14 maggio 2013

Diario di una maestra: Son tutte belle..


Questa settimana … solo poche parole!
Festa della mamma…
Lavoretto …
Biglietto …
… e d’obbligo tante riflessioni.
Se … “Son tutte belle le mamme del mondo….” (così recitava la poesia!!) ... i bambini allora?
Non vado molto lontano: guardo quello che vivo ogni giorno!
Cosa non farebbe una madre per il proprio figlio?
Cosa realmente riescono a fare le mamme?
Fortunatamente tante fanno molto: hanno mezzi e consapevolezza.
Ma qualcuna si perde nei labirinti della sua fragilità, frutto di una società sorda e caotica al tempo stesso.
“La crisi economica”, dicevo in settimana spiegando cittadinanza e costituzione ai miei (ancora per poco) alunni, “è innanzitutto crisi dei valori e della solidarietà!”.
E così certe mamme faticano a gestire le crisi evolutive dei figli, mentre altre sono fagocitate da mille problemi famigliari, economici o personali.
E così, di rimbalzo, certi figli subiscono gli effetti di uno svantaggio famigliare, economico e relazionale.
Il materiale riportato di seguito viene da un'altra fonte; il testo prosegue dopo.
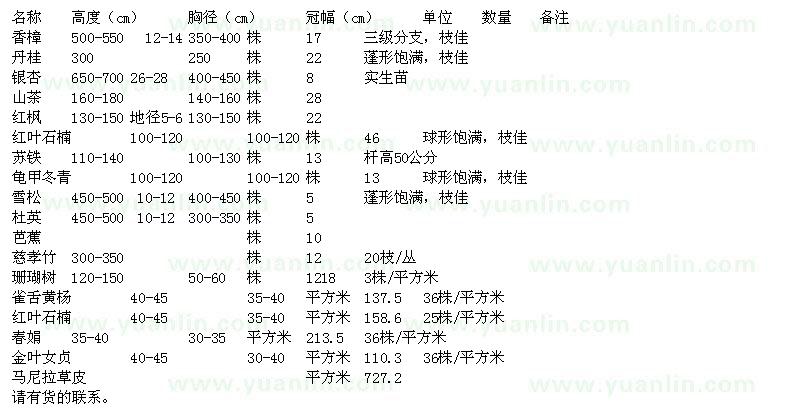 求購(gòu)香樟、丹桂、銀杏等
E certe maestre, dovendo e volendo, vedono, rilevano e, se possono, si attivano.
Non è solo un imperativo dettato dal ruolo: se così fosse, si tradurrebbe in un intervento freddo e distaccato.
Se è vero che un’insegnante è come una seconda mamma (…. Sapete quante volte succede che dalla prima alla quinta i bambini si rivolgano alla maestra chiamandola “Mamma”? Sorprendentemente tante!!!), è altrettanto vero che a scuola si raccolgono diversi bisogni a cui si cerca di dare risposte efficaci.
E allora capita che si venga a conoscenza di periodi di rottura e di crisi all’interno del nucleo famigliare a cui fanno seguito tentativi di compensazione e di reintegrazione non sempre ottimali.
Proprio in quei periodi i bambini e i ragazzi possono percepirsi come diversi dai compagni e attribuire a sé stessi o ai genitori, se manifestano carenze nelle capacità di prendersi cura di loro, colpe che forse non hanno.
Quante volte aspettare la mamma che non arriva sul piazzale all’uscita di scuola è fonte di agitazione….
(Del resto la norma prevede che sia la mamma, o chi per essa, ad attendere ansiosa e felice l’uscita del proprio figlio ….; è la mamma che lascia il lavoro o qualunque altro impegno per mettere al primo posto l’incontro con il figlio … e non il figlio che aspetta che la mamma finisca di sistemare tutte le sue faccende: c’è una priorità di intenti che va rispettata, un accordo implicito da non disattendere!)
Eppure a volte prendersi cura di un figlio diventa maledettamente complesso!
Se va bene è solo un problema di organizzazione: “Vai tu a prenderlo?”, “No, io non posso!”, “Puoi tu?”, No, chiediamo alla zia o al nonno!”.
E tra un “IO”, “TU”, “LUI”, “LORO”, qualcuno si dimentica, e il figlio aspetta e si interroga: “Si sono dimenticati?”, “Ma come hanno fatto a dimenticarsi di me?”.
Poi nel giro di qualche minuto tutto si sistema: la paura passa, la conferma della disponibilità si palesa.
… aspetti marginali, forse poco centrali e per questo da considerarsi dettagli periferici?
Tutt’altro!!!
Però si va avanti! L’evento è circoscritto, è catalogato come raro e per questo è poco pervasivo!
Se invece le cose non vanno solo nella direzione della mancanza di organizzazione, delle piccole incombenze che in un modo o nell’altro, prima o poi, si riescono a risolvere….ecco allora che i problemi dei genitori diventano già grossi pesi per i figli, quando ancora non sono evolutivamente in grado di sostenerli.
Capiscono, così, troppo in fretta che vivere è dura, che le differenze esistono e fanno male, che le maestre ascoltano e poi devono chiedere aiuto ad altre persone.
Ma a volte quell’aiuto tarda ad arrivare.
E in certi momenti vorrebbero solo essere ragazzini uguali agli altri: non più bravi o più belli, solo con le stesse possibilità degli altri, con una mamma e con un papà che fanno le stesse cose essenziali delle altre mamme e degli altri papà.
Fortuna che, per una strana legge infantile, ma anche per il primato della valorizzazione del me e del mio, anche se mamma e papà hanno un sacco di problemi, rimangono sempre “la mia mamma e il mio papà”.
Ma allora … se …“son tutte belle le mamme del mondo!” , se … “sono tutti belli i papà del mondo!” … perché mai non possono “…. essere uguali tutti i bambini del mondo?”.